* _Your objective_
Give back exactly the lines from the one holding "mamute omoplata Varredura" to the last line of the entries, both included, and nothing more.
*** Opening Records supplied ***
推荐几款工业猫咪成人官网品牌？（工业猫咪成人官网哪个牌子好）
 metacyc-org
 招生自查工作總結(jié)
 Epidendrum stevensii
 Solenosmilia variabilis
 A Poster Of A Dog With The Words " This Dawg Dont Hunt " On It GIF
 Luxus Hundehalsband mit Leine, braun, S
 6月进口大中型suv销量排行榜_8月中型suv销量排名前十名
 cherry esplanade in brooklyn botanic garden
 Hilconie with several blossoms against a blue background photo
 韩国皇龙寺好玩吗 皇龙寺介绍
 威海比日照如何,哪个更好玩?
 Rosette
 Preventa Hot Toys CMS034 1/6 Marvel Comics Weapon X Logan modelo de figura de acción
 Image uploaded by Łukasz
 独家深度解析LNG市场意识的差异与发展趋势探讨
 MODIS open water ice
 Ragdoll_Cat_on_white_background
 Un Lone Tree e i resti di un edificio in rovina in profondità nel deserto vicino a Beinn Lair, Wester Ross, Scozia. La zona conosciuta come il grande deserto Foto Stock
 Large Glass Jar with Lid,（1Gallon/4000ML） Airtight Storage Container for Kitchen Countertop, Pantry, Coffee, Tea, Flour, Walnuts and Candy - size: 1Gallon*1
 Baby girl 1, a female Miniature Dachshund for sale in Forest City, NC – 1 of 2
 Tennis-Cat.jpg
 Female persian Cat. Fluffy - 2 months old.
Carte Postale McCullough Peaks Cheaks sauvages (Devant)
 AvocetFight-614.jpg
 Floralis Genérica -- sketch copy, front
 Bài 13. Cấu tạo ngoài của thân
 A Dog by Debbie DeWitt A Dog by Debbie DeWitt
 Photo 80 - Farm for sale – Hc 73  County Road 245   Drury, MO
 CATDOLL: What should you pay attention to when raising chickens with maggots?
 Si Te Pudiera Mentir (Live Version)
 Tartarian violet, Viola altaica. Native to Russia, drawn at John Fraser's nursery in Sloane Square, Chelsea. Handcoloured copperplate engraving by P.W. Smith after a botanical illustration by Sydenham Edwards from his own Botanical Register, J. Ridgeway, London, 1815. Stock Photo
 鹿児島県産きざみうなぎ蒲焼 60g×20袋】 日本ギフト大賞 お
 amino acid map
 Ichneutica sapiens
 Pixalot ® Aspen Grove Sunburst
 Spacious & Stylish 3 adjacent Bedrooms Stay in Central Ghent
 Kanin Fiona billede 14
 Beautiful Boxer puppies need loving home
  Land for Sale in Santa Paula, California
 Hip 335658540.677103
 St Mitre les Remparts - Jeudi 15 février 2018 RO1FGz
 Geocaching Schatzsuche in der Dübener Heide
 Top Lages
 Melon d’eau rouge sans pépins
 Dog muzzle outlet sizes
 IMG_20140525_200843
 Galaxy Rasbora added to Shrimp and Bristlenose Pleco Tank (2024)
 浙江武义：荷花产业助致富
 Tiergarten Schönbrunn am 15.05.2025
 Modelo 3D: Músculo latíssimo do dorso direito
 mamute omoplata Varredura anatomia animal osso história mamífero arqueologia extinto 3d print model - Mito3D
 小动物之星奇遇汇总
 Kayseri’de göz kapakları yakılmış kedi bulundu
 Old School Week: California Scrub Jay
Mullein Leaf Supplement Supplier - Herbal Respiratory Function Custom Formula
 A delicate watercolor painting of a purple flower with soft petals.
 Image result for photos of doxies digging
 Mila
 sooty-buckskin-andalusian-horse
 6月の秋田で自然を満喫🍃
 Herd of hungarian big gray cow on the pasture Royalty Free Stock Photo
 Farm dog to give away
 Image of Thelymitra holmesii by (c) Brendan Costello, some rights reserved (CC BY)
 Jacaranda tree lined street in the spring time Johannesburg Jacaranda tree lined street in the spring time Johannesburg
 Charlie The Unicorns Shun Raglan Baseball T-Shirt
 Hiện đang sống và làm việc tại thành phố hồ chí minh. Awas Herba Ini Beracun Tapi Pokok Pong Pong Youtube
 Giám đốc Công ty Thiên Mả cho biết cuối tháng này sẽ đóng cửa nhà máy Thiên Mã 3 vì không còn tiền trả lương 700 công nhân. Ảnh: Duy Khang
*** Closing Records supplied ***
* _Task result_
 mamute omoplata Varredura anatomia animal osso história mamífero arqueologia extinto 3d print model - Mito3D
 小动物之星奇遇汇总
 Kayseri’de göz kapakları yakılmış kedi bulundu
 Old School Week: California Scrub Jay
Mullein Leaf Supplement Supplier - Herbal Respiratory Function Custom Formula
 A delicate watercolor painting of a purple flower with soft petals.
 Image result for photos of doxies digging
 Mila
 sooty-buckskin-andalusian-horse
 6月の秋田で自然を満喫🍃
 Herd of hungarian big gray cow on the pasture Royalty Free Stock Photo
 Farm dog to give away
 Image of Thelymitra holmesii by (c) Brendan Costello, some rights reserved (CC BY)
 Jacaranda tree lined street in the spring time Johannesburg Jacaranda tree lined street in the spring time Johannesburg
 Charlie The Unicorns Shun Raglan Baseball T-Shirt
 Hiện đang sống và làm việc tại thành phố hồ chí minh. Awas Herba Ini Beracun Tapi Pokok Pong Pong Youtube
 Giám đốc Công ty Thiên Mả cho biết cuối tháng này sẽ đóng cửa nhà máy Thiên Mã 3 vì không còn tiền trả lương 700 công nhân. Ảnh: Duy Khang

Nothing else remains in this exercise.